Immunotherapy Response Prediction

Tumor immune dysfunction and exclusion (TIDE) (http://tide.dfci.harvard.edu/) is a computational framework developed to evaluate the potential of tumor immune escape from the gene expression profiles of cancer samples (20). The TIDE score computed for each tumor sample can serve as a surrogate biomarker to predict the response to immune checkpoint blockade for multiple types of cancers.

Statistical Analysis

Statistical analyses were conducted using the R software (version 4.1.0) and the Sangerbox tools (http://www.sangerbox.com/tool). Continuous variables were presented as standard error of the mean and were compared using Student’s t-test or Wilcoxon rank sum test. Categorical data were compared using the chi-square test. Univariate and multivariate Cox proportional hazards regression analysis using the “survival” package. A least absolute shrinkage and selection operator (LASSO) regression model was performed with “glmnet” and “survival” packages. Kaplan–Meier survival analysis with log-rank test was performed with the R package “survminer”. Differential expression analysis was performed with the “limma” package. Statistical significance was set at P < 0.05 and shown as *P < 0.05, **P < 0.01, and ***P < 0.001.

Results

Construction of an Immunologic Gene Set-Based Classification

The flowchart of this study is shown in Figure 1. A total of 4,872 IGSs were obtained from ImmuneSigDB. The ESs for the IGSs from 348 urothelial carcinoma specimens in the IMvigor210 cohort were computed using GSVA based on transcriptome RNA-seq data. Patients who responded to treatment with a complete response (CR; N = 25) or partial response (PR; N = 43) were categorized as responders, and patients who displayed stable (SD; N = 63) or progressive disease (PD; N = 167) were categorized as non-responders. Differential expression analysis revealed that ESs of 1,349 gene sets were significantly different between responders and non-responders (false discovery rate <0.05); 744 gene sets were upregulated in the responder group, and 605 gene sets were significantly upregulated in the non-responder group (Figure 2A).

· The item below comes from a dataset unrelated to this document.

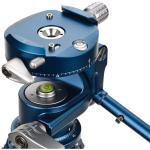 Benro SuperSlim Aluminum Series 1.5 Tripod with PHVF3 Hybrid Flip Head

The univariate Cox regression model showed that 367 gene sets were significantly associated with prognosis.

FIGURE 1

Figure 1 Graphic abstract of this study.

FIGURE 2

Figure 2 Construction of an IGS-based classification (IGSC). (A) A volcano plot showed the differentially expressed gene sets between response and non-response groups in IMvigor210 cohort. (B) IMvigor210 cohort was classified into three subtypes. (C) The silhouette width value for the classification was 0.71, suggesting a fine match between a sample and its identified subtype. (D) Kaplan–Meier survival analysis showed that Subtype 2 had the best prognosis, Subtype 3 had the worst prognosis, and Subtype 1 had an intermediate prognosis. (E) The response rate to PD-L1 immunotherapy was significantly higher in Subtype 2 than those in Subtypes 3 and 1. (F) A heatmap showed the correlation between IGSC subtypes and clinical and immune features. (G–J) The proportions of IC levels (IC0, IC1, and IC2+), TC levels (TC0, TC1, and TC2+), Lund classifications (SCCL, GU, inf, UroA, and UroB), and immune phenotypes (inflamed, excluded, and desert) in different IGSC subtypes. (K, L) Tumor mutational burden and neoantigen burden in different IGSC subtypes. (M) A Venn plot shows the intersected differential gene sets between Subtypes 2 and 1 and between Subtypes 2 and 3. *P < 0.05, **P < 0.01, ***P < 0.001, ****P < 0.0001; NS, nonsignificant; IGS, immunologic gene sets; PD-L1, programmed cell death-ligand 1; IC, immune cells; TC, tumor cells; Inf, infiltrated; SCCL, squamous cell carcinoma-like; UroA, urothelial-like A; UroB, urothelial-like B.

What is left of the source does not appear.